Believe me, I am actively practicing scheduling my priorities first and balance everything else so none of the balls I am juggling hits the floor. Jim and I talked about what kinds of vacations we want to take our family on, and they vary from a long weekend at the beach to a day trip to the zoo. By putting them on the calendar now, we can plan for them throughout the year, and plan around them instead of saying "one day we will..." Time is a thief, as my friend Somer recently said and if I am not proactive right now, I know I will look back with regret.
Here is the story of my most recent challenge and triumph - an opportunity at work. I am categorized as an achiever and performer and have been extremely happy in my current profession for 17 years and with my current employer for the last 10. I was elated when my bosses boss asked if I would work on a project with him, one that ended with a new designation, three new initials behind my name. This could open doors, big doors! What was there to think about?
The timeline for the project is four months and would require one afternoon a week out of the office. Outside office hours I would need to find six to eight hours a week to read and study. At the end of the four months, I would take an exam to earn this new designation.

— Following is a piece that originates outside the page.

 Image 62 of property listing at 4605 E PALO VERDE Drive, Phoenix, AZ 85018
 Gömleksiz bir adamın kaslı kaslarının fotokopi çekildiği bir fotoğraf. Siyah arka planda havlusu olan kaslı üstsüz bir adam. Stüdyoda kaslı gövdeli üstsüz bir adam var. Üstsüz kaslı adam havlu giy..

When I told Jim, he was 100% supportive. I told my parents, I knew they would be proud to hear I was being acknowledged as a dynamic employee. I told my best friends in the industry several of which have worked hard to earn this designation themselves. They were excited at my decision to take my future into my own hands and really make something of it!
I wanted very badly to say yes to my bosses boss. Hell, I said yes. Let me admit this to you; I regretted the choice immediately. Two weeks into this project I found myself two weeks behind on this project. With an upcoming event to plan, my plate at the office was already overflowing. What was I thinking? I felt like I was drowning, and then my bosses boss sent me an e-mail to ask if I thought we made the right decision and if we should bow out.
I wanted to say yes. Hell, I said no. I regretted the e-mail reply immediately. My response went something like this, "I know this is a busy time at work, but once this event is over I think we can catch up with our studies and get back on track. Let's do this!" That's the confident, cheerleader, go-getter employee I am. Right?
Another week went by, and this nagging feeling inside me was screaming, "this is all wrong!" Sometimes, what we say no to is just as important as what we say yes to, so I set a meeting with my bosses boss to come clean.
What we say no to is just as important as what we say yes to.
Not sure of how my bosses boss would respond, I braced for the worst. I am distraught because I feel worse off now that I said yes and then changed my mind. I know that I will sound wishy-washy, weak; I am basically admitting to not having a backbone, to being a loser.
What if this means I am never picked for a special project again? What if he makes me pay back the money that was already spent on the coursework? What if he tells me there is absolutely no backing out and I have to finish this project? By backing out I am proving the naysayers right, oh the embarrassment I will endure. How can I face the disappointment in my friend's eyes or their disappointing text replies?
With sweaty palms and all the vulnerability I can muster, I explain why this was not the right decision on my part. I was honest and apologetic. Saying "yes" to this project does not get me closer to my "why."
Guess what? I survived. Immediately I felt the massive weight of the decision lift from my shoulders. I could think clearer and instantly prioritize my to-do list at the office without the heavy shadow of this other project in my way.
In an instant, I have reclaimed 8 hours of family time a week, which equates to about five and a half days over the course of this project. My babies will not be babies forever. Hell, they are not babies now.
Here is some truth for you. Knowing your WHY gives you the right filter to make choices, at work and home, that will help you find greater fulfillment in all that you do. Watch this TED talk for inspiration and to find you WHY. Practice in small ways at first and then one day decide to put your big girl panties on and say no that really hard request.